Dean: We’re an eclectic mix of many influences that create an energetic Indie-Pop-Rock sound. It’s vibrant, upbeat, positive and fun – we always have a great time playing live and love that part of what we do. We find our audiences quite varied so I think many different people take something away from our music.
The band formed back in 2008. How did you guys come together and were you all friends from way back?
Craig: Canvas Wall took a while to come to fruition with a fair amount of lineup changes in the beginning. The band you see now is, in fact, three childhood friends and Matteo – our new friend who feels like we’ve known him just as long! Dean, Simon and I were playing music together when we were fourteen growing up in Malta. We all went our separate ways when we were about eighteen, and later on, life brought us back together in London. We met Matteo last year mid-recording our latest release Mannekind – and he’s fit right in; bringing a solid sound on bass.
Your first single, Sooner or Later, gained widespread radio play. Was it quite surprising doing that well from your debut song?
Simon: Getting to that point was quite an uphill battle.
We were trying to put together our first album and hit some major hurdles – with the kind of people in the industry that nobody wants to encounter.
By the time Sooner or Later came out we were just happy we had something to show – the way it was received was all a bonus and it made the hardships worthwhile.
By 2011, you released Close to the Edge and its fantastic music video.
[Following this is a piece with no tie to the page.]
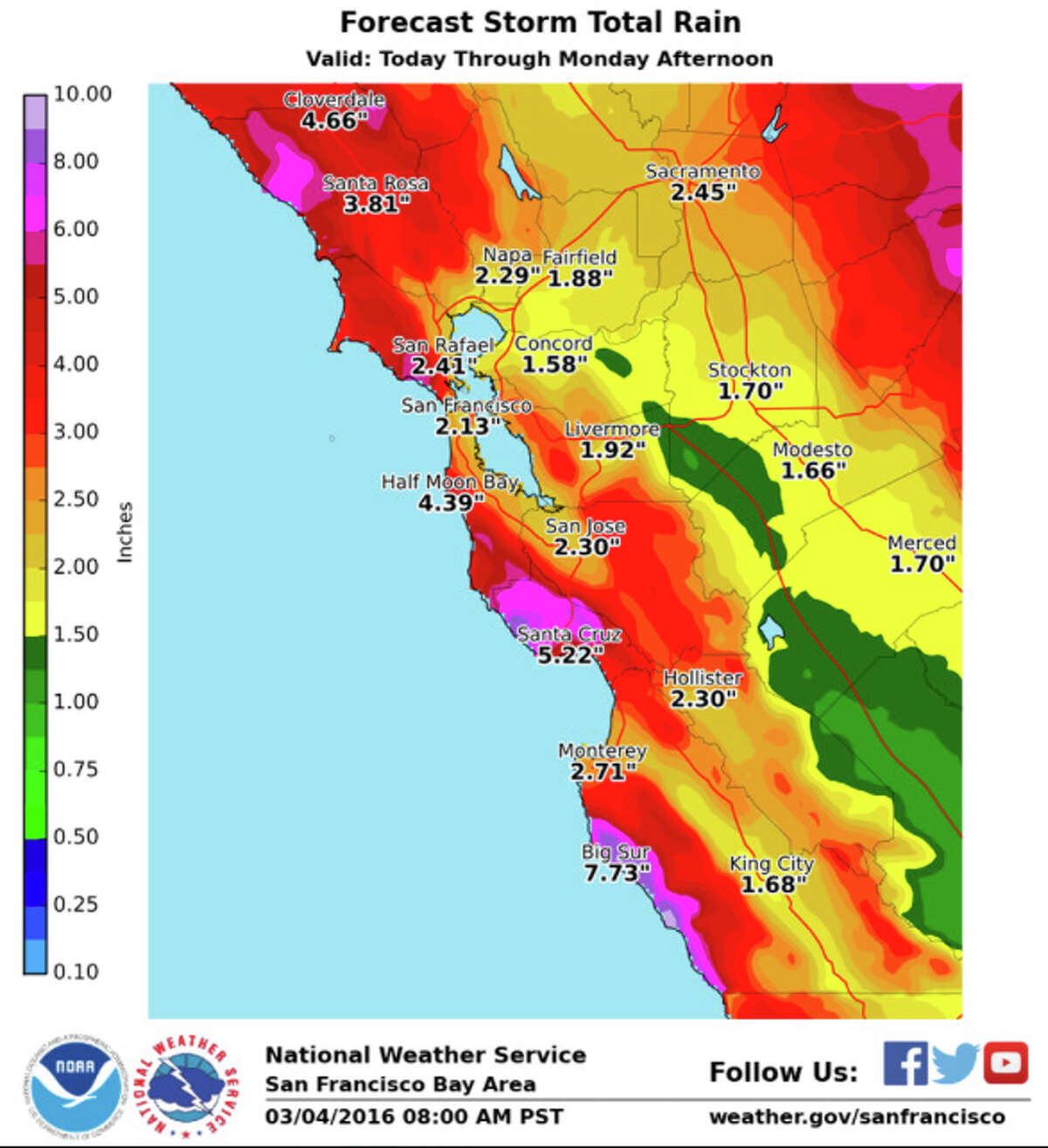 Another round of rain bearing down after storm wallops Bay Area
What was that experience like and do you enjoy music videos in general?
Simon: It was great! When we first got to London, one of our relatives took us in under his wing and he helped us get on our feet. Carmel works in prop, set and model-making for the advertising industry so he called on a few friends who helped us shoot the Close to the Edge video. They were all really nice and we were really happy with the end product.
The band has been played on Maltese radio. What is the band connection to the country and have you ever played out there?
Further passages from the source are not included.